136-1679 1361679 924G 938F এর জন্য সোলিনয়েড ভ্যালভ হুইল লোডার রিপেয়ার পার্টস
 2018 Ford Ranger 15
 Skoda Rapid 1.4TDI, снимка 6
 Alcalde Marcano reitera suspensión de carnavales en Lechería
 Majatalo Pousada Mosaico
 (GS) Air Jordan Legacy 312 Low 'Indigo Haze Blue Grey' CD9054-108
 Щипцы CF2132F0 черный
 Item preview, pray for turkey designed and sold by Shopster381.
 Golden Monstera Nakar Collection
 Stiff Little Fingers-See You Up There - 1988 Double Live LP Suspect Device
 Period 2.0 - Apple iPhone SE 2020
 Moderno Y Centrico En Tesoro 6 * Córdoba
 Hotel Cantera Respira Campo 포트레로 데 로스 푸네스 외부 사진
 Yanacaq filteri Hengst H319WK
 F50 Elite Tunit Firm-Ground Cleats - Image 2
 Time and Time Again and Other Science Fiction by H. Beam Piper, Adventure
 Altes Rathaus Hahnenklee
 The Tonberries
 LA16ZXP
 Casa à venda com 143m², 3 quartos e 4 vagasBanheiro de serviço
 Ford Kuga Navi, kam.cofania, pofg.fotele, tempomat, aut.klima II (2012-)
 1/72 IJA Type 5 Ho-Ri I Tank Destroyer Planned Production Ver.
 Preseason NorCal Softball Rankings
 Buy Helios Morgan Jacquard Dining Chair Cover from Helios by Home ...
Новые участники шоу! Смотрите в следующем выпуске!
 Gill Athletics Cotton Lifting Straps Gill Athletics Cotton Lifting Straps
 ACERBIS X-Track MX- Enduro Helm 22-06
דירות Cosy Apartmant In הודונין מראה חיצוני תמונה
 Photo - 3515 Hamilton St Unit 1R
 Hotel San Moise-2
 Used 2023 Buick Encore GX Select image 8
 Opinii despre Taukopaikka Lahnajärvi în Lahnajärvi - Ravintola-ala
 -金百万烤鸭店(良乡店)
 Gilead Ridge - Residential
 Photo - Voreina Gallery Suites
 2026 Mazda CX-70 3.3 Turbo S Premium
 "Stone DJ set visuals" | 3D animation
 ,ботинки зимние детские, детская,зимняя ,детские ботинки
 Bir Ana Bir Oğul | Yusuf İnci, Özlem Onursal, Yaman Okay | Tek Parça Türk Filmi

Exercise description: Search the material above for the string "Ford". Show every line that holds it.

Completed exercise:
 2018 Ford Ranger 15
 Ford Kuga Navi, kam.cofania, pofg.fotele, tempomat, aut.klima II (2012-)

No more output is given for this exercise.